Buffalo's high school graduation rate is continuing to climb, with 64 percent of the Class of 2016 graduating on time.

This is an improvement from a 52.4 percent graduation rate eight years earlier.

The Buffalo gains underscore a trend seen across New York, where the graduation rate has been steadily rising over the past decade.

Educators credit improvements in the state's largest urban school systems for the rise.

Some educators say the increases follow a greater focus on performance both statewide and nationally. The state intends to maintain its focus on high standards and accountability, even as it begins offering more graduation options to students in the coming years, State Education Commissioner MaryEllen Elia said.

Those options will include replacing one of the required Regents exams with a career course.

"It's become a major focus," Elia said. "People want to know, 'If I live in a community, will my kid graduate?' It's important for us to know how we are doing there."

Statewide, 81 percent of the Class of 2016 finished high school on time, including those who graduated in August, up from 76.8 percent in 2008.
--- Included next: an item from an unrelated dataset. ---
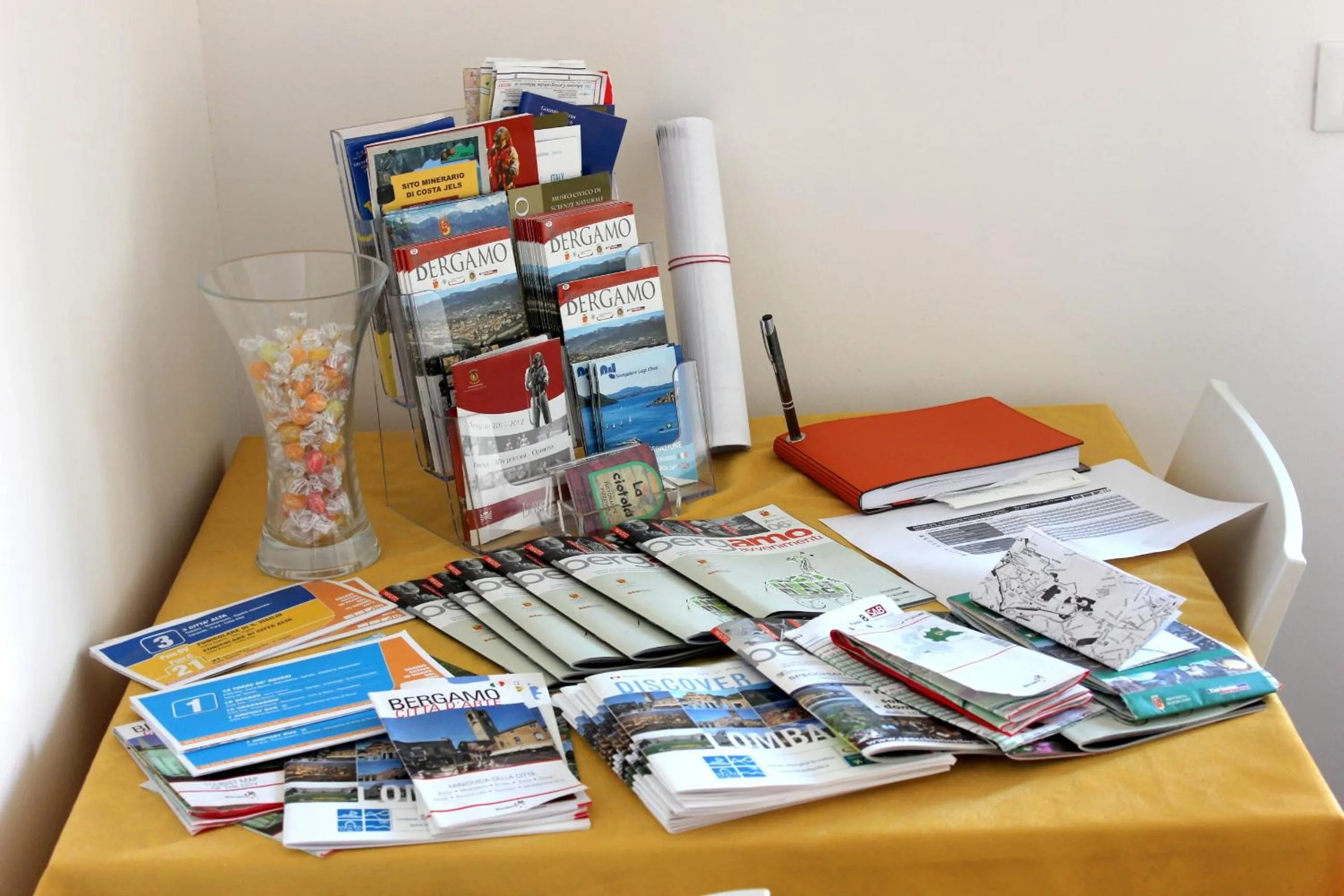 Decorative detail in B&B Fanzago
Performance in Buffalo's suburban districts historically has been strong, and some area schools made noteworthy progress:

    • Both West Seneca high schools improved their graduation rate since last year. West Seneca East went from 87 percent to 94 percent. West Seneca West went from 87 percent to 92 percent.
    • Amherst High School improved its rate from 88 percent in 2011 to 97 percent in last year, putting it in the top five in the county. The gains come as the district also has become more diverse with the percentage of students qualifying for free or reduced price lunch increasing from about 18 percent to 35 percent during that time period. The number of students learning English also tripled from from 42 to 126.
    • Iroquois High School has the highest graduation rate in Erie and Niagara counties, with 99 percent of students finishing on time.
The federal government's increased involvement stemmed from concerns that U.S. students do not leave high school adequately prepared to succeed in college or today's global economy. That concern ultimately fueled a push for tough standards – particularly in high schools.

"I think there was a time where students had lots of opportunities, even if they didn't get a diploma," Elia said. "That's no longer the case. Kids have to have the diploma and we have to work to get them there."
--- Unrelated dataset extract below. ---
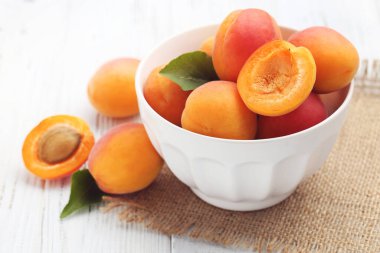 Beyaz arka planda çuval bezli tatlı kayısılar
Starting in 2009, New York students had to meet higher standards to earn a Regents diploma and graduate from high school. Ultimately, that meant students passing five required Regents exams. High schools that didn't graduate enough students faced consequences, including having to funnel some of their funding to new programs and even closure.

Even as the standard got tougher, the graduation rate held steady or went up every year.

Some say that's because the state, at the same time, put more money into education. In recent years, state leaders have consistently increased the state's contribution to schools.

“The message here is simple: When you invest more in student learning, students achieve at higher rates,” said Karen Magee, president of New York State United Teachers. “Hard work by students and highly skilled educators in classrooms across the state, supported by parents and caring communities, is moving the needle in the right direction."

Education leaders acknowledge there is still work to be done, particularly in closing the achievement gap between different racial groups of students.

Although 89 percent of white students in the Class of 2016 graduated high school on time, just 71 percent of black and Hispanic students did.

Performance among students who are learning to speak English fell at the bottom of the pack, with 31 percent of those students finishing on time.

Those performance gaps persisted in Buffalo, where the graduation rate for white students was 71 percent compared to 64 percent for both African-American and Asian students and 54 percent for Hispanics.

"While the state’s overall graduation rate went up slightly, we must find more effective ways to address the achievement gaps that continue to impact far too many of our children – particularly those students for whom English is not their first language," said Betty A. Rosa, chancellor of the state Board of Regents.

In Buffalo, the graduation rate was 26 percent for students learning English.

Results at other schools were a mixed bag. Of 17 high schools in the district, 10 saw their rate increase, six dropped and one saw no change.

The biggest gains were at International Prep, where the graduation rate increased by 10 percentage points. Buffalo Academy of the Visual and Performing Arts also saw a noticeable bump, with the percentage of students finishing on time increasing by 9 percentage points.

The district, which has focused on making a number of reforms, has set the goal of reaching a 70 percent graduation rate by 2019. The latest jump in graduation rates keeps the district on track to meet Superintendent Kriner Cash's goal.

"We will continue to work strategically with parents, teachers, pastors, our consortium of higher education leaders and business partners to engage students and promote higher aspirations that make the district graduation rate of 70 percent in 2019 a foreseeable goal," Cash said in a statement Friday evening.